Review Of North Spore Organic Lion’s Mane ‘Spray & Grow’ Mushroom Growing Kit

I purchased the North Spore organic lion’s mane mushroom kit at a supermarket (Woodman’s in Buffalo Grove, Ill.) The store sold it for only $20. I’m not sure if North Spore has agreements with other retailers, but locally scoring a kit might save you ten bucks. On the other hand, the online bag may be fresh and packed-to-order. I have no idea how long my kit sat on the shelf.

Even if my kit was old, the spores were healthy. I got four nice flushes of lion’s mane mushrooms. A couple years ago at a Whole Foods, I purchased a carton of lion’s manes for $10. (They were already soggy and yellow inside, but the price works anyway for reference.) If each flush was worth about $10, the kit paid for itself, even at a $30 online price.

The rotten lion’s manes I bought at Whole Foods were not organic. Mushrooms, as opposed to a fast-growing plant such as cilantro, are a type of organism that soaks up and stores many different elements and compounds from its environment. Some mushroom species even absorb radioactive compounds. I wouldn’t want to grow mushrooms off a spore block that had been treated with conventional agrochemicals. Seeing the USDA-certified-organic badge on the North Spore kit was a huge bonus.

So was the kit “worth it” as far as culinary, health, or spiritual value? Absolutely! I adored the taste of the lion’s mane mushrooms. The funny thing is I can’t tell you how they tasted. Each mushroom seemed different. Sometimes I thought they tasted like chicken. Sometimes maple syrup. Tasting and preparing them over and over was a treat.

I prepared them as simply as possible. I sliced them. Then I sautéd them in hot butter and used a long, flexible spatula to press them down into the pan, which is like a lazy way of doing a Japanese technique I saw for cooking a maitake mushroom “steak” by placing a weight on top. Toward the end of cooking I sprinkled them with salt and pepper.

The speed and simplicity of this preparation kept the shroom kit from becoming a chore. The kit said to harvest them before they began to yellow. Each time I saw the hue of a tiny spine/tooth of a mushroom start to change, I’d harvest the entire kit, cook them all, and eat them in less than 30 minutes. This kept the mushrooms from becoming just another ingredient going bad in my kitchen. I never had to plan a dish or meal around them. Plus, I thought it wouldn’t do justice to the lion’s mane to cook it into a stir-fry or a soup.

Each time I ate the lion’s manes, I thought they were tasty, and then I did the dishes and forgot about them, just like all the other tasty things I eat. But then, the strangest thing would happen. Forty minutes later, I’d have a thought about the lion’s manes again. I’d remember the smell of the mushroom when I broke it off the mycelium block, and then I’d remember the smell of the mushroom when it was cooking. Over the next two to six hours, all kinds of intrusive thoughts about the lion’s mane would pop into my head. Thoughts of the texture of the mushroom when I chewed it up. Thoughts of the physical appearance of the spines/teeth and the way they felt when I handled them on the cutting board. These little half-formed sense-memories pushed their way into my mind like a mushroom pushing up from the ground!

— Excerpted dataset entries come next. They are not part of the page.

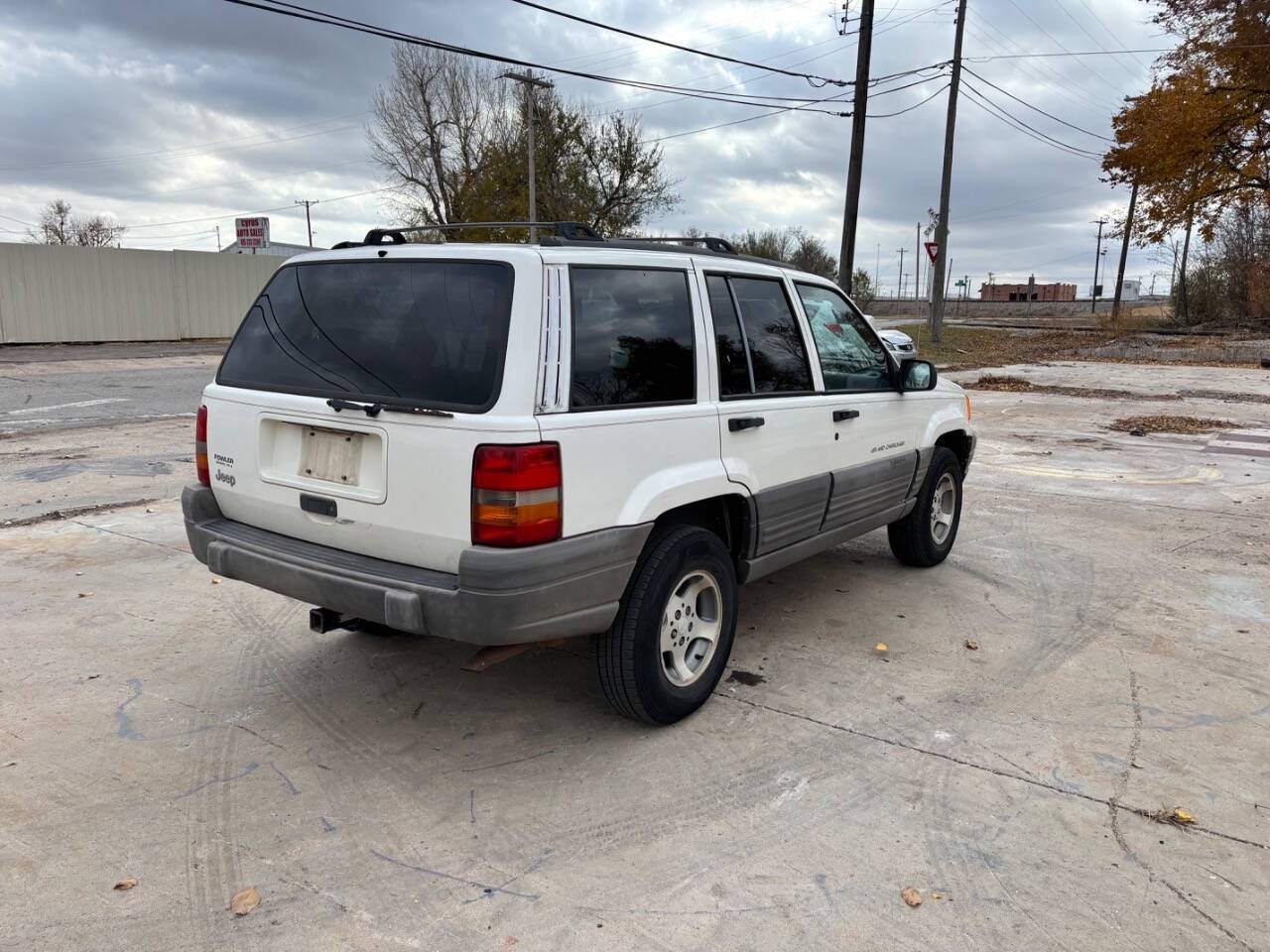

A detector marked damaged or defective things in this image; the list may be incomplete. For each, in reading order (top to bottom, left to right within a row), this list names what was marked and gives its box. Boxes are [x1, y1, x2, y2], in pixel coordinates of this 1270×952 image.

crack in pavement [721, 690, 1264, 853]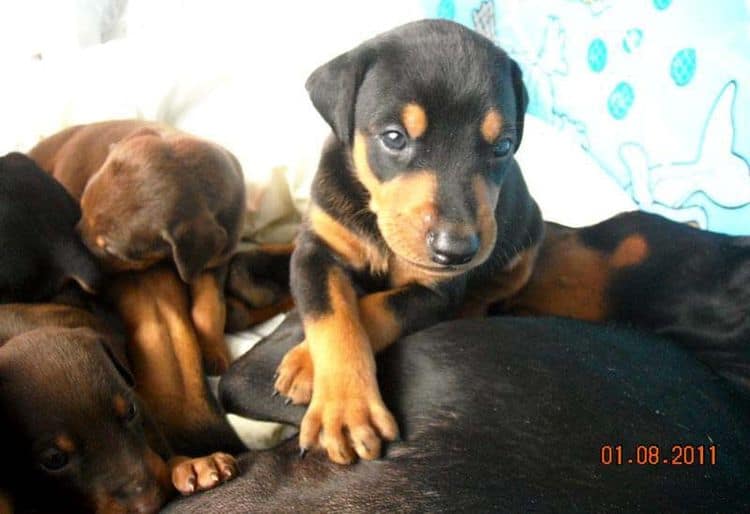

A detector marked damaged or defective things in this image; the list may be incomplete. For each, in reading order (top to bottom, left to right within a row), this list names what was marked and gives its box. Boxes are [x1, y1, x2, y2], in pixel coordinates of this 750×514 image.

red and rust puppy [0, 150, 101, 302]
red and rust puppy [0, 302, 238, 510]
red and rust puppy [30, 121, 247, 372]
red and rust puppy [274, 20, 544, 462]
red and rust puppy [502, 210, 750, 394]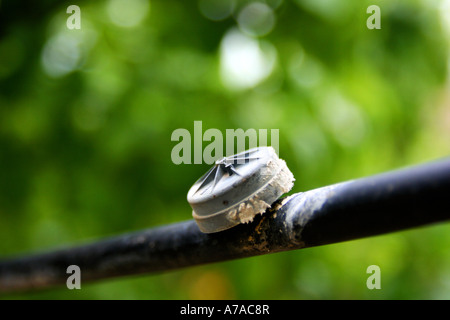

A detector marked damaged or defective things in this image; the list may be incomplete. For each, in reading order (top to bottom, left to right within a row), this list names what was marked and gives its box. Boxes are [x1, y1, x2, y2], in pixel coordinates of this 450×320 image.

rusty pipe section [0, 158, 450, 292]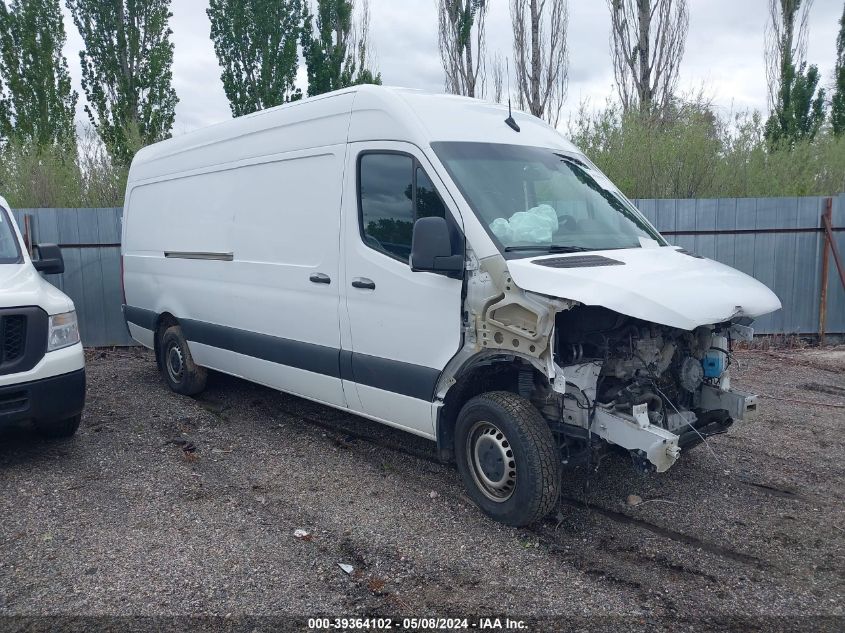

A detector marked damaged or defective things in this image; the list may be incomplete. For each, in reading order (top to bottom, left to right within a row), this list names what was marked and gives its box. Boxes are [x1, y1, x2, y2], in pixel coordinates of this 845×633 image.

damaged front end of van [432, 141, 780, 474]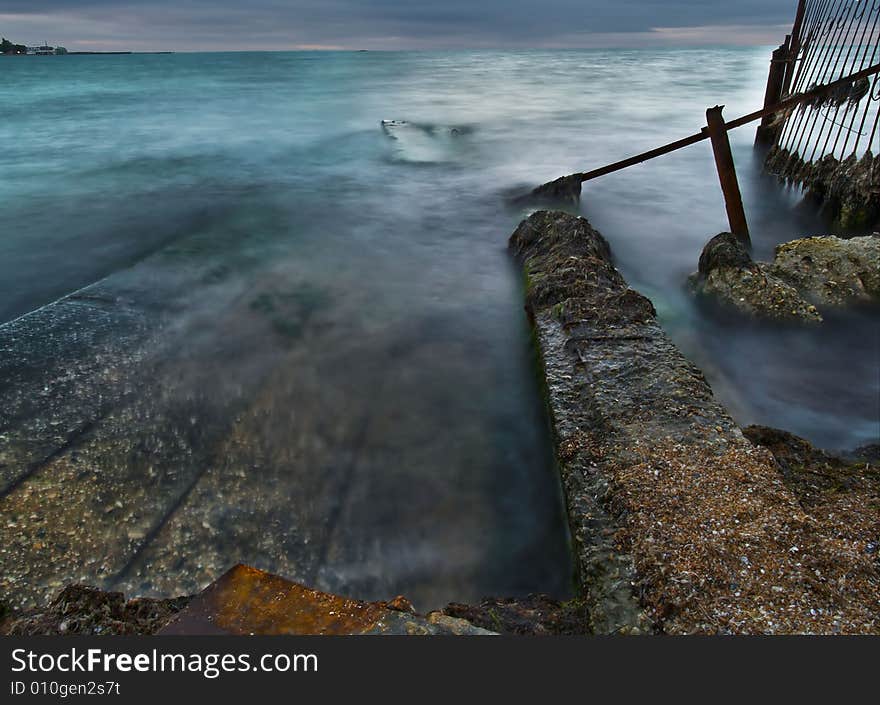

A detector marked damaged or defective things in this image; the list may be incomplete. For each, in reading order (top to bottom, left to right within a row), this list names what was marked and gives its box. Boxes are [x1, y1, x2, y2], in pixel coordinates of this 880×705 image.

corroded iron post [704, 104, 752, 248]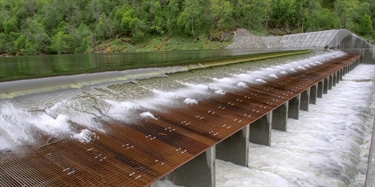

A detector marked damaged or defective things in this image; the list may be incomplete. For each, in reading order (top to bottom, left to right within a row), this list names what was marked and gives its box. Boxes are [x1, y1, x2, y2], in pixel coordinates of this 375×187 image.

rusty metal grate [0, 53, 360, 186]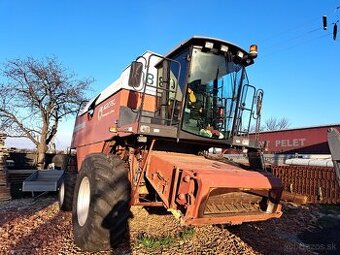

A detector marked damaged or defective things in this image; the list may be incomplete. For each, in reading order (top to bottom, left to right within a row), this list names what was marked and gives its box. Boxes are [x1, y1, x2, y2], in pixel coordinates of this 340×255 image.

rusty metal panel [270, 164, 340, 204]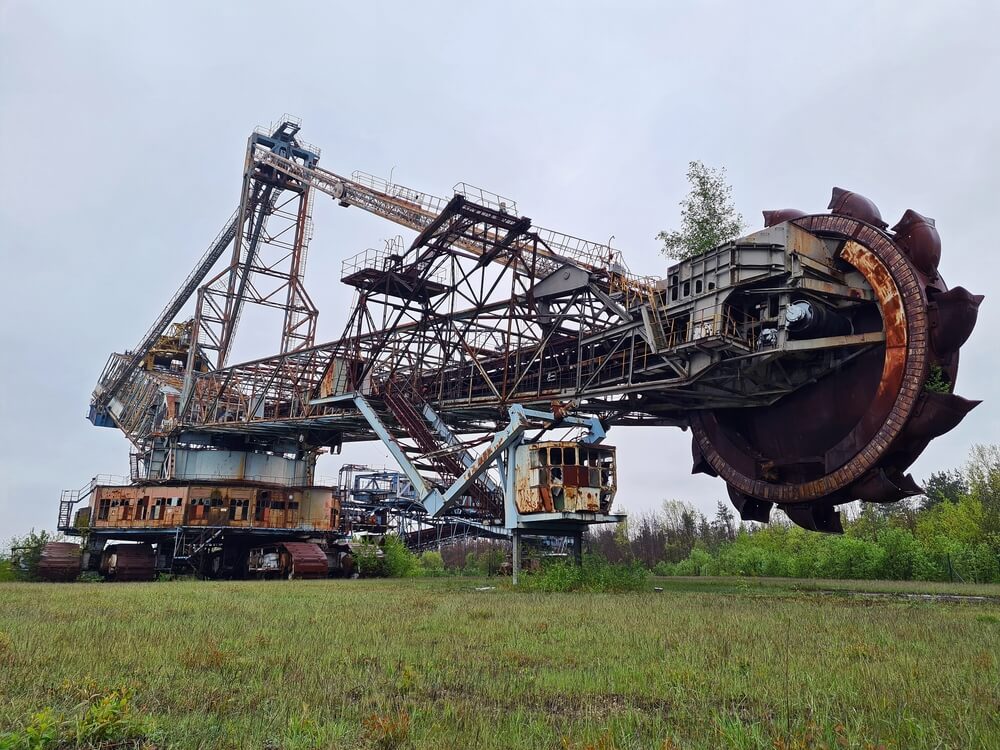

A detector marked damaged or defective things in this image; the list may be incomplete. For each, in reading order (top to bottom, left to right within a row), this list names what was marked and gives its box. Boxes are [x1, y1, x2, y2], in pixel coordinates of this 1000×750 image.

rusty metal surface [36, 544, 80, 584]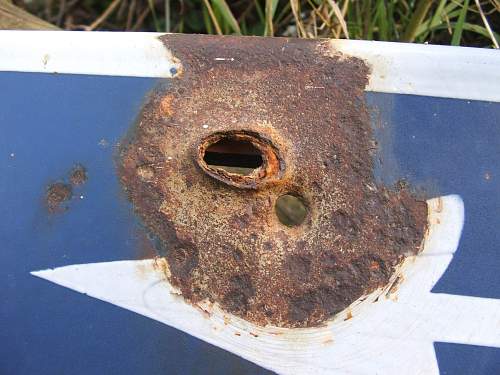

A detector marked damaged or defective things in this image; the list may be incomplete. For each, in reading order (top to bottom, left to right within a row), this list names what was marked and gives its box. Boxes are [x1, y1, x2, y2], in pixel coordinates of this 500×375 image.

rust staining [45, 183, 72, 213]
rust staining [69, 166, 88, 187]
rust staining [116, 35, 426, 328]
wartime shrapnel damage [117, 35, 426, 328]
rusty metal plate [117, 35, 426, 328]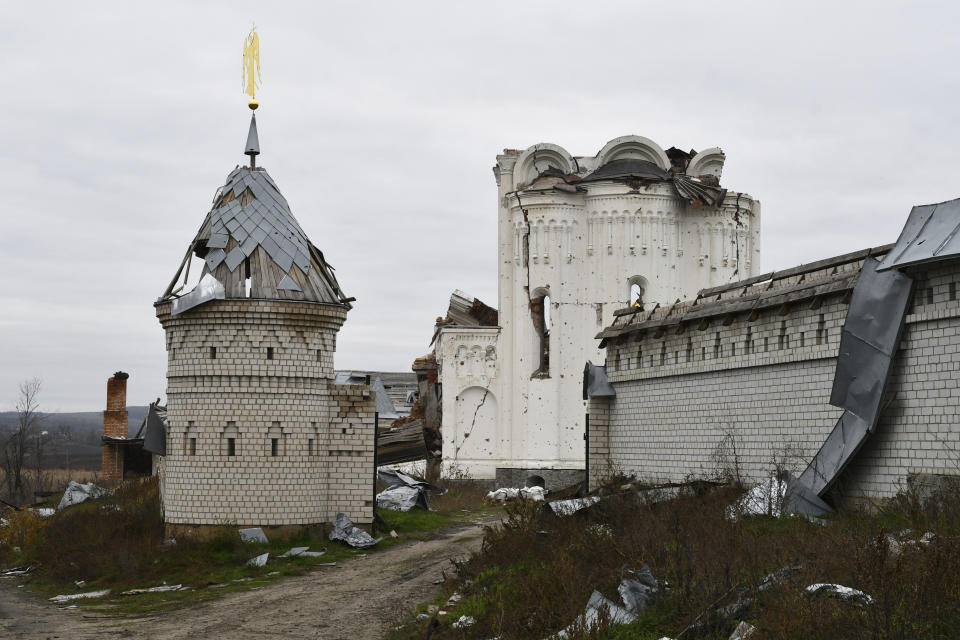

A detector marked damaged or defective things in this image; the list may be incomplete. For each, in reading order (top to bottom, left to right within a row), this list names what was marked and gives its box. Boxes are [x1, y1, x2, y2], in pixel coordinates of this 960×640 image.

damaged white tower [436, 135, 756, 484]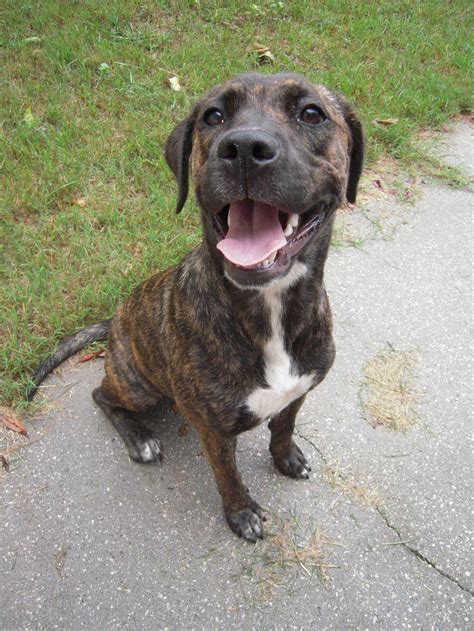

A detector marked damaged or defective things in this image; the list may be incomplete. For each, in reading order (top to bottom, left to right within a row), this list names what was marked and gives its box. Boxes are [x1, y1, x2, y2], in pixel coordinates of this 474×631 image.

crack in concrete [294, 432, 472, 600]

Probably it was possible to coax more than four flushes from my North Shore lion’s mane kit, but I went on vacation. The day before leaving, I set up a cup of water with a string leading to the mycelium block. I thought the mushroom could “feed itself” by sucking water from the string. I forgot about siphons. In less than an hour, siphon power sucked all the water out of the cup and deposited it into the kit and all over my countertop.

The cardboard box and plastic bag of the lion’s mane kit were completely soaked in water. I drained as much as I could, then propped up the kit and left for my trip. I figured that was the end. Imagine my surprise when I returned a week later and was greeted by a large, crude-looking lion’s mane.

If I had been home, rather than on vacation, I would have harvested this shroom before it became quite so pinky gold, but it was still perfectly good.

This was the only fresh food in the house! Right away I cooked and ate it.

Cross section of lion's mane mushroom
Perhaps because it grew with a shortage of water, this mushroom was more thin and tree-like than the dense, bulbous lion’s manes I’d harvested on the first three flushes.

That fourth flush turned out to be my last. After that, I sprayed every day for more than two weeks. Meanwhile, the exposed surface of the mycelium block turned more gold, brown, and black. I found no more pins. I decided to compost the kit in a local waterway (Bubbly Creek). When I took the block out of the plastic, I saw plenty of healthy-looking white mycelium on the three sides of the block that’s been covered by cardboard. I guessed I could have tried slicing a different side of the package to coax out another flush, but I’d already committed to setting the mushroom free. Down Bubbly Creek it flowed, perchance to grow.